Dalam satu malam yang sepi di pesantren kecil di Tlahab Kendal, dulu saya sering mendengar seorang kiai tua membaca Al-Jurumiyah. Suaranya lirih tetapi tegas, seperti memanggil sesuatu yang tak terlihat. “Utawi isim iku,” ucapnya sambil menunjuk satu baris dalam kitab kuning. Tak ada mikrofon, tak ada LCD proyektor. Tetapi kalimat itu telah berusia ratusan tahun dan masih sanggup menggetarkan.
Bahasa Arab kitab yang dibaca itu, kita tahu, tanpa harakat. Tetapi suara sang kiai menambal kekosongan itu dengan makna gandul: coretan kecil di atas atau di bawah kata, ditulis dalam bahasa Jawa. Di atas kata "isim", tercatat huruf mim kecil. Dan di atas kata "fi’il", kadang tampak tanda fa’ atau nun. Ini bukan sekadar metode membaca. Ini adalah tafsir dalam bentuk bahasa.

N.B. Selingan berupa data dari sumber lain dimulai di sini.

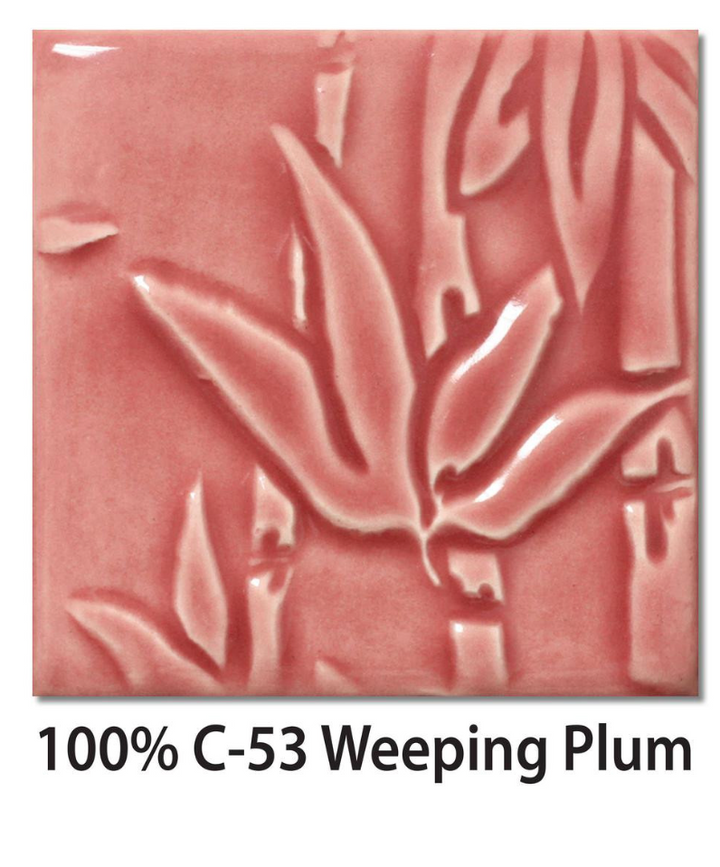 C-53 WEEPING PLUM | AMACO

Bahasa Jawa di pesantren tidak hadir dalam bentuknya yang umum. Ia bukan bahasa obrolan warung, bukan pula bahasa panggung hiburan. Ia hadir sebagai bahasa pengurai: menjelaskan maf’ul bih, fa’il, na’at, mudhaf ilaih dengan keheningan dan ketelitian. Dalam pelajaran nahwu dan sharaf, kalimat Arab tak sekadar diterjemah menjadi "kata benda" atau "kata kerja". Tetapi menjadi “utawi”, “iku”, “kang”, “sing tumrap”, “amarga saka”, “kanggo”; kata-kata yang, entah bagaimana, terasa lebih cocok di telinga santri daripada padanannya dalam bahasa Indonesia.

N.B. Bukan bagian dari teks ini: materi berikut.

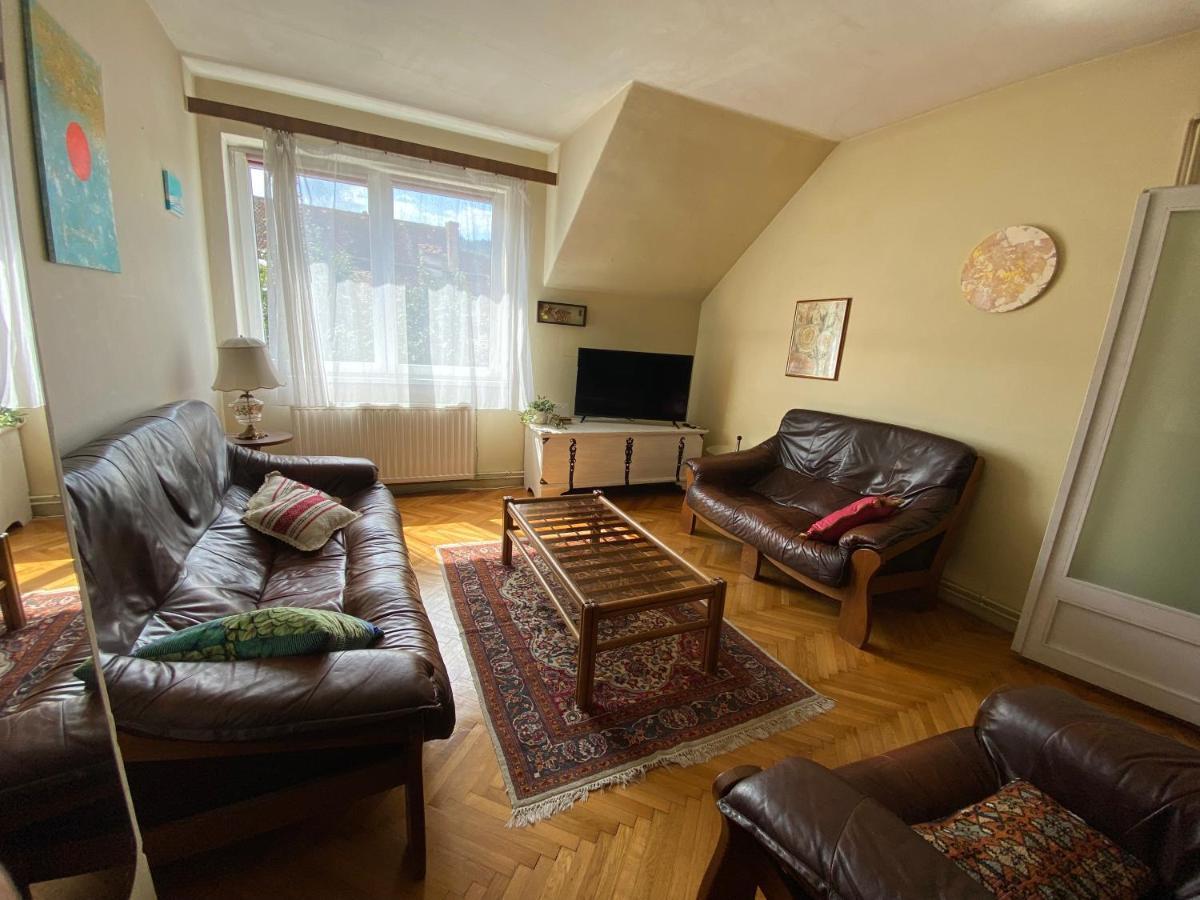 Rose'S Oldtown Apartment Brassó Kültér fotó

Coba terjemahkan kata utawi. Kamus Jawa-Indonesia akan kesulitan. Ia bisa berarti "yaitu", "yakni", "adalah", tetapi tak satu pun cukup tepat. Apalagi diterjemahkan menjadi “atau”. Utawi bukan sekadar penjelasan, ia adalah pintu masuk. Sebuah pengantar yang melunak, yang mengajak, bukan memaksa. Dan iku, yang sering diberi tanda kho’ di atasnya, bukan sekadar kata ganti benda. Dalam tradisi pesantren, ia bisa menjadi subjek, predikat, sekaligus konklusi.

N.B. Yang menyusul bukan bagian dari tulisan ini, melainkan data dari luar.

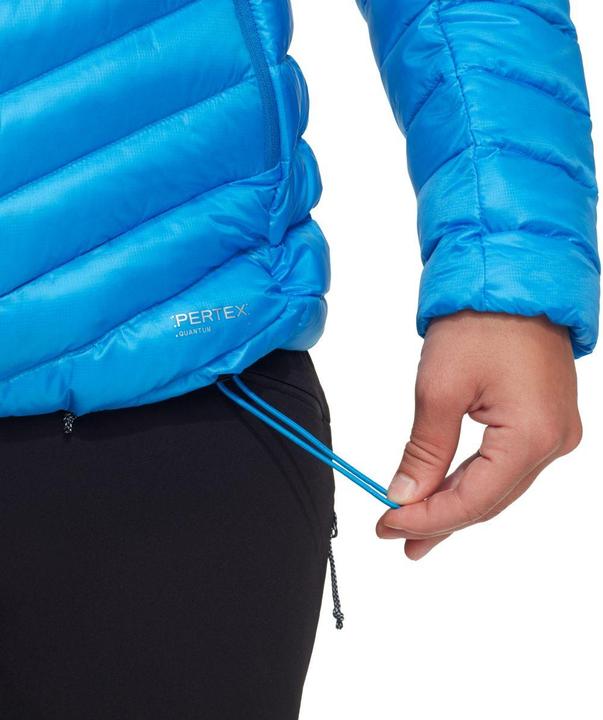 Image du produit Mammut Broad Peak IN Hooded Jacket Women, Daunen Jacke (XS)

Seperti kata serba-guna yang telah dimatangkan oleh waktu. Begitu pula dalam pelajaran tajwid. Bahasa Jawa digunakan untuk menjelaskan makhraj huruf dan hukum bacaan. Idghom bighunnah, misalnya, diterangkan sebagai "lebur karo cemeng", atau "mlebu ning irung", penjelasan yang mungkin terdengar lucu dalam seminar linguistik, tetapi sangat hidup di langgar yang lantainya masih plester semen.
Ada keindahan yang aneh dalam sistem ini. Sistem yang tak pernah dicetak dalam modul resmi pendidikan nasional. Seorang santri membaca Fathul Qarib, misalnya, dengan kata-kata Arab yang berlapis makna Jawa. Kalimatnya tidak dibaca seperti buku, tetapi dipilah-pilah. Setiap kata Arab diterjemahkan, kemudian dijelaskan, lalu diikat dengan tanda-tanda kecil: mim, fa’, shod, kho’, nun. Santri tahu kapan sesuatu itu “keterangan”, kapan itu “pelaku”, dan kapan itu “yang dikehendaki oleh Allah”, tanpa perlu menyebut terminologi gramatikal Latin.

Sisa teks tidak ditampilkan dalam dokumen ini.